A lot of things happened this year.
This is some of those things that happened 😀
Learning Rust
Considering when I first started learning this language, I’m surprised I didn’t get into it as much as I did this year. It is really really fast (not when it compiles) and its quite simple when you understand it’s constraints. I did a rewrite of a golang program and saw a 50% reduction in benchmark times!
It’s still clear that the language is quite young in age, a lot of libraries are still in their early stages, but are still useful and reliable in their current states. I think a major pain point has to be the async implementation and coming from an OOP background. Your code can get messy if trying to work with both synchronous and asynchronous code without making the main method asynchronous itself. Using traits like they are interfaces isnt as straight forward as with OOP, I simply had to just break up traits as seperate concerns rather than a shared behaviour.
Otherwise it feels like being in at the start of an era, where OOP and C++ allow for code that was generic for multiple purposes whilst also having highly performant code, but each having their own issues. Rust avoids the issues of OOP such as long inheritance dependencies and safely managing data in memory while still having insane performance.
At times, Rust can be a blessing and a curse, but most of the time it’s googling why the compiler rejects your code.
That Bar Thing
I had an idea. I wanted to build a discord bot that could see who’s available based on loadshedding schedules. Simple coding solution, but difficult implemention considering all the different city schedules and reliability of getting the data. Then I had a better idea:
This was a quick mockup done in Flutter (right before loadshedding hit) and forgotten about.
9 months later and its actually added into ESP! It’s cool to see something I shared being used by so many people and the state it’s in today is beyond what I originally imagined.

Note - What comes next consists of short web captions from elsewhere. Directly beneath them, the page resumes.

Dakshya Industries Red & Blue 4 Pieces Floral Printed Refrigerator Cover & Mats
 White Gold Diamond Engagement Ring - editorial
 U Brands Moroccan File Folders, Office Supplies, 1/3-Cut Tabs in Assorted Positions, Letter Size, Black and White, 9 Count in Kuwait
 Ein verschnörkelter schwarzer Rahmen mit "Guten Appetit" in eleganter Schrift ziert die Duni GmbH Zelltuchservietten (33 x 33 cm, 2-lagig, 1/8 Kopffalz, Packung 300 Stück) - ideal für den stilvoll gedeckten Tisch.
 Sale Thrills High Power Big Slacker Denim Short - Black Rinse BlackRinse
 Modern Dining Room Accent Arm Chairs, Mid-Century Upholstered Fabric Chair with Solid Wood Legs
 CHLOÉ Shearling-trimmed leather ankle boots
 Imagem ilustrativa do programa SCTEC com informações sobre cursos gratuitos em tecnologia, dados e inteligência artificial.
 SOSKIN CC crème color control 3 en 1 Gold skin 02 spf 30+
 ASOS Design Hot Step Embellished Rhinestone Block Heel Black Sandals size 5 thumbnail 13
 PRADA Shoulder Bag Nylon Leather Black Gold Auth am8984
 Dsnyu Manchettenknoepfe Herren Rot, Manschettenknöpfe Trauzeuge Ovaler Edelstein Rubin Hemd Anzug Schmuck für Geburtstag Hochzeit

In the end, I got cool stickers and cosy socks from the team 😎
Honours Year
I originally planned to finish studies after undergrad, but considering that honours is one year long, I decided to go for it. This is the first (and only) year since 2020 that I had to be on campus, never thought I’d hate staying at home all that time, but it was great being able to see people again.
Considering I did well with all the computer science modules through undergrad, I did only comp sci modules this year (which was a breeeze 😎). Choosing an honours project was the suprising part, going into it I didn’t want to do any AI or Machine Learning projects as theres already too many of those, I wanted to do something different. And there was something quite different, really different.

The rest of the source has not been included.